We are determined to build a stronger, fairer healthcare system—one that does not dismiss women's pain, but responds to it with compassion, expertise and the time women need with their GPs. We're strengthening Medicare with real, lasting support for women's health. I am extraordinarily proud of this work and have been extraordinarily proud to advocate for it.
We're also making medicines cheaper than ever before by cutting the maximum PBS co-payment to $25 and expanding 60-day dispensing. We know Australians have saved over $1 billion on scripts under the Albanese Labor government. This is a key cost-of-living measure. We don't want a single Australian to forgo medicine that they need because they cannot afford it, and we know this has happened. Having already slashed the cost of medicine, with the largest cut to the cost of medicines in the history of the PBS in 2023, we are going further. This represents a more than 20 per cent cut in the maximum cost of PBS medicines, which will save Australians over $200 million each year—again, delivering real cost-of-living relief for Australians. We are also investing to protect the next generation of Australians from harm, with world-leading vaping reforms and a $350 million crackdown on illegal tobacco, supporting our health and law enforcement agencies.

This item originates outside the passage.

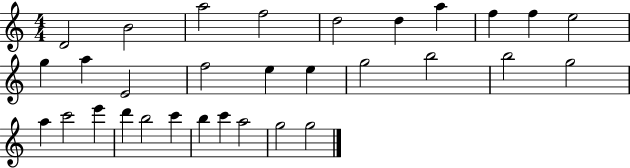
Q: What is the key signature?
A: C major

Finally, we are delivering an extra $1.8 billion to public hospitals next year, bringing our Commonwealth contribution to a record $33.9 billion in 2025-26, and there are further long-term reforms underway. This one-year agreement means Australians will benefit from better funded public hospitals as cooperation builds on long-term, sustainable health-system reform.

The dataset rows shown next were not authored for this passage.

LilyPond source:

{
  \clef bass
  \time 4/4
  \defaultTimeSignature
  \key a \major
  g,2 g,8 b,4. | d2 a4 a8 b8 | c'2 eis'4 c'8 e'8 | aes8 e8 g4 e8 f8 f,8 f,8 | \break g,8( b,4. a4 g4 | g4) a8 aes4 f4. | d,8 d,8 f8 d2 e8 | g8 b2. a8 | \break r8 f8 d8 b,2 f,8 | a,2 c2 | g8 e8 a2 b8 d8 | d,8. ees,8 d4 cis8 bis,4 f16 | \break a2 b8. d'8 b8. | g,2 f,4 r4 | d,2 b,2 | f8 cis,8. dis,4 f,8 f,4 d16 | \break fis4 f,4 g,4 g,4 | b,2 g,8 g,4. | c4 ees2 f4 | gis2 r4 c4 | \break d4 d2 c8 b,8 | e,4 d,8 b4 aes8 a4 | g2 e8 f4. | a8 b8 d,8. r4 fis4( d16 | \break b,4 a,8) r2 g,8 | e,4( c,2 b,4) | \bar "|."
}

From doctors and nurses to public hospitals and urgent care, and from integrity in the system and compliance to cheaper medicines, our government is working to strengthen every part of Medicare. This is what Labor does. We created Medicare. It is part of our legacy, and only a Labor government will continue to protect and strengthen it. This is in stark contrast to the Liberals and the coalition government, who previously cut $50 billion from public hospitals and froze the Medicare rebate. We are building a system which supports Australians with the cost of their health care and which makes sure women's voices are heard—which doesn't dismiss their pain, but actually funds women's health properly and takes these issues seriously.
We are investing in Medicare, but we are also doing what we need to do to strengthen the integrity of it. It is too important for Australians not to, and I commend the Health Legislation Amendment (Improved Medicare Integrity and Other Measures) Bill 2025 to the Senate.